3. Require all firearms to be registered. Also, any transactions of firearms (whether sold by a dealer, at a gun show, or by private parties) must include an official transfer of title or bill of sale (just as a vehicle does).
4. Vehicles can not be purchased or operated by the very young, despite the fact that they are not intentionally designed to hurt people. Guns are designed to hurt people, and yet I know many who believe that it is okay for young children to operate them.
5. Vehicles can’t be used everywhere. I can’t drive my car on a sidewalk, in a store, or through a park. Guns should not be allowed anywhere and everywhere. Contrary to what elected officials in my former state believe, guns should never be carried in schools, bars, or college campuses – except of course by law enforcement officials.
6. Vehicles have regulations to ensure their safe operation. Guns should as well. I can’t drive a vehicle that is forty feet wide and seventy feet long – even if it makes me feel empowered and awesome. Guns that serve functions that go well beyond the reasonable uses of “sport” or “self-defense” should not be legal.
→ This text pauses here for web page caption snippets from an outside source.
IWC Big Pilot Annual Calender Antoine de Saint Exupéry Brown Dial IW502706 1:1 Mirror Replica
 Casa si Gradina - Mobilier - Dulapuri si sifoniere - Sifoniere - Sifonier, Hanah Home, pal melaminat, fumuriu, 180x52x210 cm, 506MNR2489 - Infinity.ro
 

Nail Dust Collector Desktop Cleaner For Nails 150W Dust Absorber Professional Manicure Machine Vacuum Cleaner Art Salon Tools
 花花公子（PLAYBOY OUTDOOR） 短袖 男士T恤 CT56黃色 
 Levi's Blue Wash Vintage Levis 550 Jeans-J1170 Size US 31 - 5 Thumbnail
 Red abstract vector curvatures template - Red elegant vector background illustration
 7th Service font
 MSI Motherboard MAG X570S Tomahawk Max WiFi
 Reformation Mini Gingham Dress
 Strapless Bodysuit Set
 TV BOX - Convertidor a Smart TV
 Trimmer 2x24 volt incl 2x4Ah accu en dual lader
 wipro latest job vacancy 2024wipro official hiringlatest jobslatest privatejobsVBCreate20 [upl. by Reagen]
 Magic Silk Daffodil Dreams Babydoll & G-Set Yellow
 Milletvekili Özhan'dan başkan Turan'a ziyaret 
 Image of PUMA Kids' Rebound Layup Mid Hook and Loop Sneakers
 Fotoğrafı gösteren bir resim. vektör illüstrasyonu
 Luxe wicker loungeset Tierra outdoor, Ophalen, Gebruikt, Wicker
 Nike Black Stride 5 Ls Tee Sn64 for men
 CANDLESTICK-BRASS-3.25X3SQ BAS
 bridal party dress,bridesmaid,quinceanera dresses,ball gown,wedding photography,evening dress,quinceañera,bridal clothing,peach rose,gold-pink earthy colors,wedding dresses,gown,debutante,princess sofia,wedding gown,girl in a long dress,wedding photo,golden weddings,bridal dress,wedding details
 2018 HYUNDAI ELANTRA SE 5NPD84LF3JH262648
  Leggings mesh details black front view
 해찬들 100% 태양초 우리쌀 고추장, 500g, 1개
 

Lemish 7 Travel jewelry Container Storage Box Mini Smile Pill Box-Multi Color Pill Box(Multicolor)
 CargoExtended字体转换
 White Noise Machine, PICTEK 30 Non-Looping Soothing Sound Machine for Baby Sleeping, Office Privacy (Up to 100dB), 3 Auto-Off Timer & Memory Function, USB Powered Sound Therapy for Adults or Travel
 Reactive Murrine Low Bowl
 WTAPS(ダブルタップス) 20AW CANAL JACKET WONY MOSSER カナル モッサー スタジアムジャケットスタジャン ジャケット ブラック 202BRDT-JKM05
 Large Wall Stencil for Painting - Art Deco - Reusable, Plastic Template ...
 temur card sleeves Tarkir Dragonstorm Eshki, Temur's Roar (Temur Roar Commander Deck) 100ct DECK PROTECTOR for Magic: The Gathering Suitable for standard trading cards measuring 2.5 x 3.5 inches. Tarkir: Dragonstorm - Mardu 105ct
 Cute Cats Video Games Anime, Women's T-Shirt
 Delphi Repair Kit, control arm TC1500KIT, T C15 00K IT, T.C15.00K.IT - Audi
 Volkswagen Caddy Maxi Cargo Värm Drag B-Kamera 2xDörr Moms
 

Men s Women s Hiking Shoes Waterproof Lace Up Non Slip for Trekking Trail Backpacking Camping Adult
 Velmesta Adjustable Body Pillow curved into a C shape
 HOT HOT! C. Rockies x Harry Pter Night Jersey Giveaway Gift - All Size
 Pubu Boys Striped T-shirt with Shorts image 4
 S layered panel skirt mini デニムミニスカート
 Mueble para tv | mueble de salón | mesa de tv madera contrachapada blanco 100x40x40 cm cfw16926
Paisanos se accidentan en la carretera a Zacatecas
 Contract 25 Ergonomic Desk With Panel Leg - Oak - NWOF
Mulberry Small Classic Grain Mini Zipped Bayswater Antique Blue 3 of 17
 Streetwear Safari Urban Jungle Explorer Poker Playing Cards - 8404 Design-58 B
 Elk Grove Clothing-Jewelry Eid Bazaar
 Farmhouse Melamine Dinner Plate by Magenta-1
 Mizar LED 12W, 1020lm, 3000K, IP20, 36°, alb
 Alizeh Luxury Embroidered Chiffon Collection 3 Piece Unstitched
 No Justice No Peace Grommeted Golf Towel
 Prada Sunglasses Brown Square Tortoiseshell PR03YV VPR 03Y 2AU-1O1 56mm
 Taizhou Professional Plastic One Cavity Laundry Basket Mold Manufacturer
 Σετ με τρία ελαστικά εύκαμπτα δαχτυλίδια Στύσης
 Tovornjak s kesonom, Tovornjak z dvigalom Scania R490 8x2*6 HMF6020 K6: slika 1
No automatic or semi-automatic weapons. No extended magazines. No armor piercing bullets.

There's no way of knowing if any of these ideas would prevent a tragedy like the one that occurred yesterday. However, I believe that it is important to fundamentally change our "gun culture" in this nation. I do not believe that it is too soon to have this conversation. If we won't do anything about it in the aftermath of such a stupid and senseless act, then when will we?"

I'd much rather find a way to restrict access to guns, as they did in the U.K. when there was a massacre like this. I don't think that will happen. Maybe I will just keep posting this every time one of these gun massacres happen. At least until there is no one left to read it.

Thanks for reading. I'll try to do better next time.

Saturday, March 7, 2015

The world sucks right now

The world is upside down. Arizona, a place I have loved, has lost its soul. In the new AZ, education is bad. Guns and, inevitably, shooting people with them is good. People who look different than you are bad and should be sent away. People who speak a different language than you are bad and should be sent away. People who believe in a different version of God are bad and should be sent away. Rich people are good, but allowing poor people a chance to become rich, or even middle class, is bad. People who love someone that the power brokers don't think you should love is bad. Any idea that comes from somewhere else, particularly east of, say, Houston is automatically bad, so bad, in fact, we should ignore it, despite the clear Constitutional conflict that incurs.

The Republican Party has been overrun by the worst form of reactionary sludge, the so-called Tea Party. These are the people who propagate the nonsense I just detailed. The Republican Party I proudly registered for and of which I was a voting member for nearly 10 years, no longer exists. Stupidity and ignorance is valued. Truth, especially truth with scientific support, is denied. I have been called a terrorist by a previous Secretary of Education and by a 2016 presidential hopeful for the crime of being a public school teacher. I dedicate more of my life to the public service of education than I do to my own family, and I am compared to ISIS. Literally. I am tired of it. I don't even have the energy to fight, outside my own vote.

The bad guys have won. The only time I have been hopeful in my adult life, politically speaking, was on the night of the 2008 presidential election, and the awful Tea Party people ruined that optimism. I am more depressed today than I remember being in a very long time. Politics matters. when the bad people win, bad things happen and the voices of good people are ignored, including the hundreds and thousands who have protested the way things are now. I really don't know what to do. I am usually a positive person, but I am without hope today. I need to go grade 180+ tests, write my lesson plans, and care about all those kids, which makes me Public Enemy Number 1.